Book Review: The Girl on the Train
The Girl on the Train by Paula Hawkins
My rating: 1 of 5 stars
I generally don't review books, I rate them only for my later reference. For this though, I make an exception. Here goes my first review.
I was reading a really bad book and I had to put it down because it made no sense. Then I started reading this book and I'm ashamed to say I kept reading it even though it was obvious from the get go that the other book (Poor Economics) made much more sense. I continued reading just because I felt it couldn't get worse, it can only get better. I was wrong. It showed me new levels of the word "worse".
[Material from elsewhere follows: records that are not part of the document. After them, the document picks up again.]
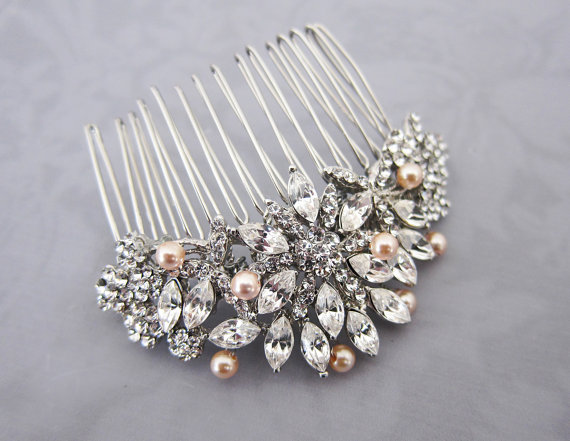Hochzeit - Vintage Style Pearl Crystal Hair comb, 1920s Flower Blush Pearl Bridal haircomb, Vintage Wedding Hair comb - 'SIENA'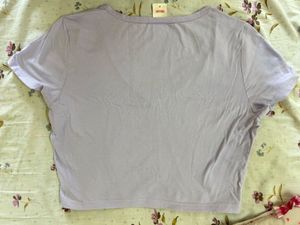 Purple "With Love" Graphic Cropped Tee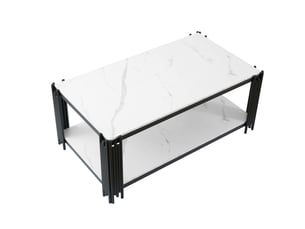 Table basse fixe avec 2 étagères, plateau effet marbre et pieds en métal, pour salon, en mdf et métal, blanc noir - uvrion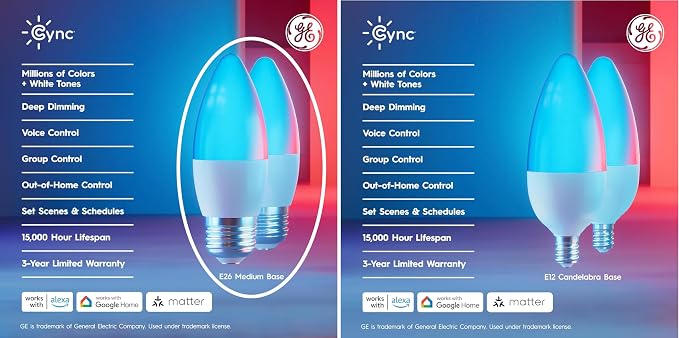 GE Smart Color Changing LED Light Bulbs WiFi Matter A19 3 Pack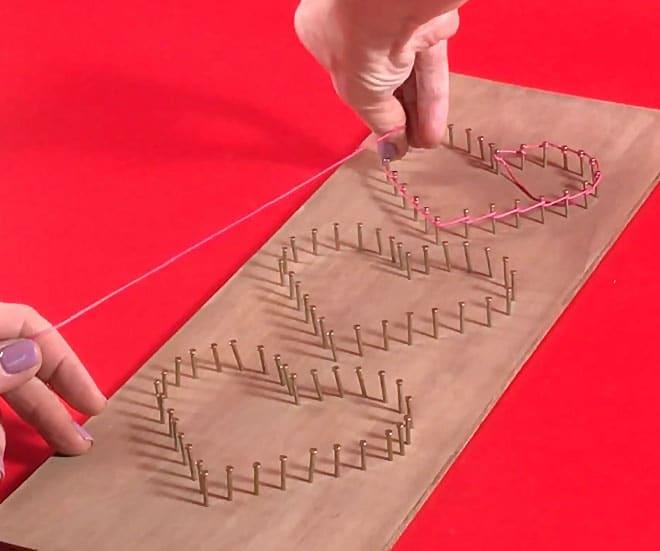 3 easy diy string art ideas craft idea — how to wrap string art heart pattern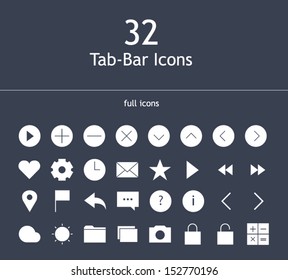 Icons set for tab bar in flat style
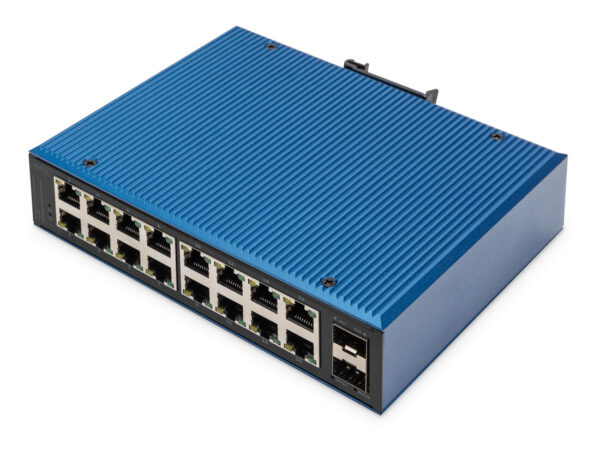 Digitus Switch di rete Gigabit Ethernet a 16 porte, industriale, non gestito, 2 uplink SFP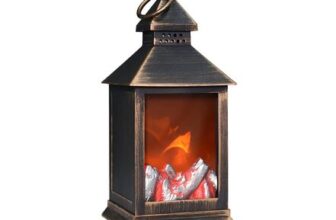 Lifeideas LED Fireplace Lantern Fire Flame Light Home Decor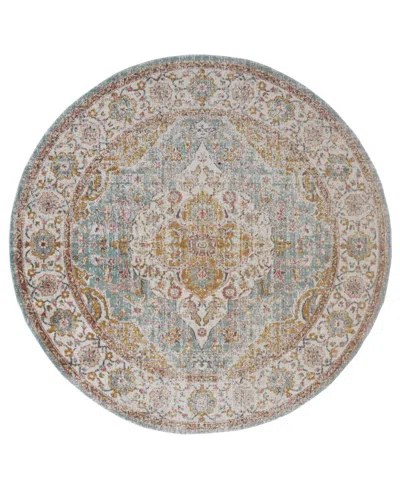 Amer Rugs Eternal Ete-3 Aqua/ivory 6'7" Round Rug In Aqua,ivory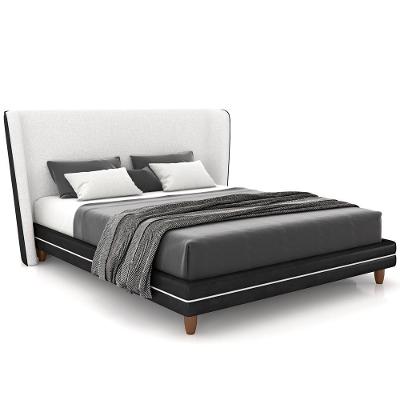 Cabeceira Casal Nilo 140cm Com Cama Pés Madeira Suném P05 Couríssimo Preto Bouclê Cru - Lyam Decor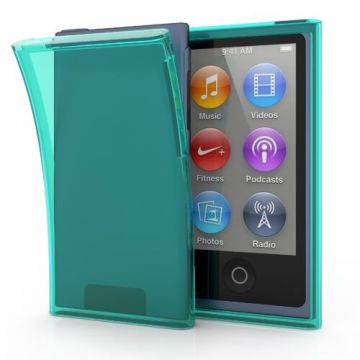 Husa kwmobile pentru Apple iPod Nano 7, Silicon, Verde/Transparent, 13370.07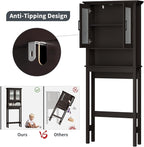 Over The Toilet Storage Cabinet, Over Toilet Bathroom Organizer with Glass Doors and Adjustable Shelf, Thicken Frame Above Toilet Storage Cabinet Behind Toilet Bathroom Organizer, Espresso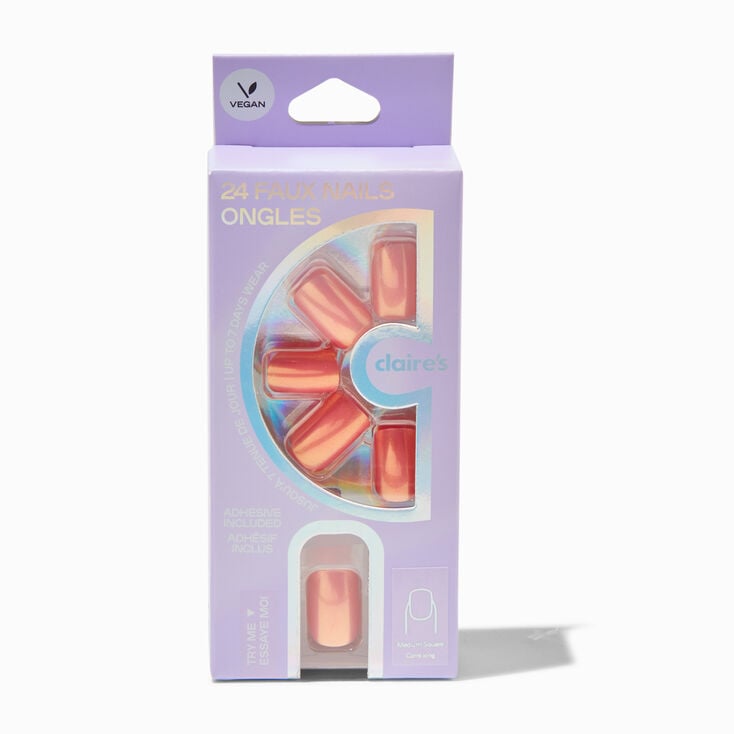 Coral Chrome Square Vegan Faux Nail Set - 24 Pack,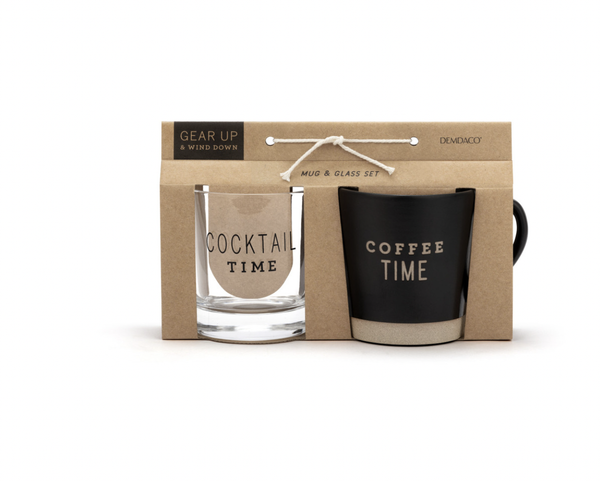 Mug and Rocks Glass Set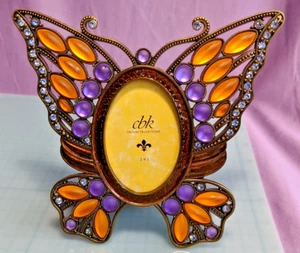 CBK Enameled Photo Frame BUTTERFLY Brass Tone  Rhinestones 5.5'' x 6'' - Picture 1 of 8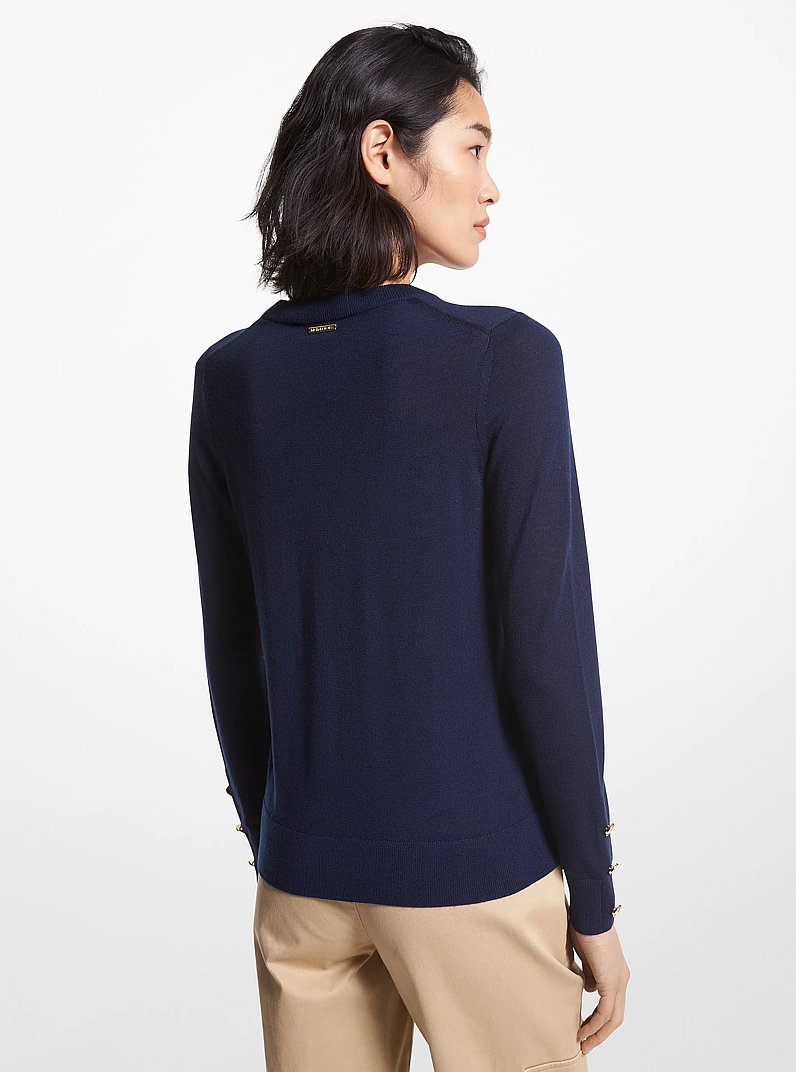 Pull en laine m&eacute;rinos m&eacute;lang&eacute;e in MIDNIGHTBLUE | Michael Kors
Somebody told me Khaled Hosseini forces sadness upon you. That "A Thousand Splendid Suns" was immensely sorrowful and needlessly so. To them, I tell, here's a book that makes Thousand Splendid Suns a thousand times sunnier. This is a sad story of a sad alcoholic. So sad, you stop feeling sad for her. You hate the character. You hope she gets hurt. But sadly the author isn't so benevolent. That at least would have made me write a line in this review in her praise. You don't notice a plotline till your Kindle shows that you're 60% through the book. And the plot is so "complex" it takes you only a second to notice that the suspect is the person who is the least suspected in the investigation. There are lots of unnecessary characters who contribute to nothing (to which purpose the main characters do no better job).
I have lost so many hours of my life. I only write this review so that you wont lose yours. Go outside, take a walk in a polluted city, read about Trump in news, watch How I Met Your Mother another time. It'll do you more good. I won't ever suggest this book unless you are high on life and want to experience suicidal thoughts.